A Catholic Monthly Magazine

A Note on Fr François Delachienne

By Emeritus Professor John Dunmore

Fr Christopher Martin's article on Fr Delach in the June Marist Messenger was most interesting, as he is not well enough known in New Zealand.

I knew him when I was a young schoolboy in France, and he knew my family, often talking about his time in New Zealand, which he always remembered with fondness and sorrow. He was at the time a counsellor at St Vincent's Marist College in Senlis, which was wrecked by the Germans in 1940, forcing him to flee to his native Brittany. He returned when the college was reinstated and died there, as Fr Martin's photograph shows.

Pa Hohepa - Fr Delach

Although I did not realise it at the time, he was very proficient in Te Reo and devoted to Māori traditions. He had gone to New Zealand as a missionary to the Māori people, and refused to change his career to minister to the British immigrant population. I learnt that he used Māori in his sermons and in parts of the Mass, apart naturally from the core Latin section. Today, he would be saying Mass all in Māori. I do recall him saying that the Māori people had to speak English in most of their daily lives, and adding Latin as another language to cope with at church gatherings was a burden he did not like to impose.

The famous annual hui (meetings) he arranged were very popular, and he said that the crowds, the joyful mood and the prayers reminded him of traditional saint's days celebrated in French villages and towns.

The church and its grounds at Otaki today reflect his and Fr Melu's attempts to link Christianity with their parishioners' daily lives. In consequence, as Fr Martin points out, this caused a split with Archbishop O'Shea, who was working hard to develop the diocese in a rapidly growing and changing New Zealand, and who feared that Fr Delach was moving too close to what might become a Māori Catholic church.

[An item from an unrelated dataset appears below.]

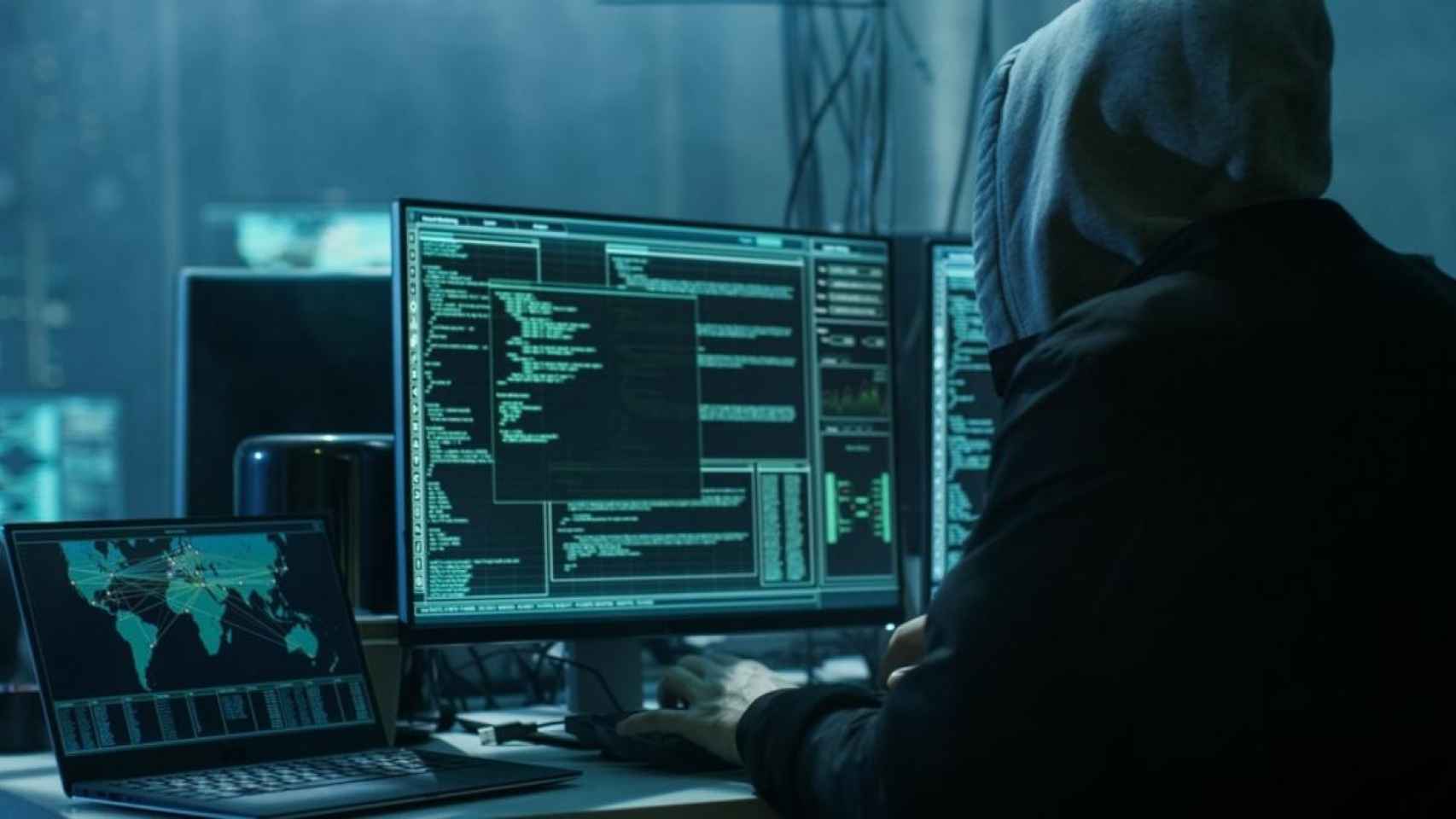 Los ciberdelincuentes merodean en la red para robar datos personales / EP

All this, I understood but vaguely, but I did feel that he considered himself an outcast and always yearned to come back. Unable to do so, he still wrote little stories about the Māori, which he mostly kept to himself, but just before the start of World War II, he did publish one, but to keep his anonymity he used my mother's name, adapted into Māori: Makere Tunumoa.

The booklet was lost for many years, but we did eventually find it in the Marist Archives, although misfiled under Fr Melu. I translated it into English, and printed it as The Ascent to Heaven of Father Melu, S.M., told to her grandchildren by Makere Tunumoa.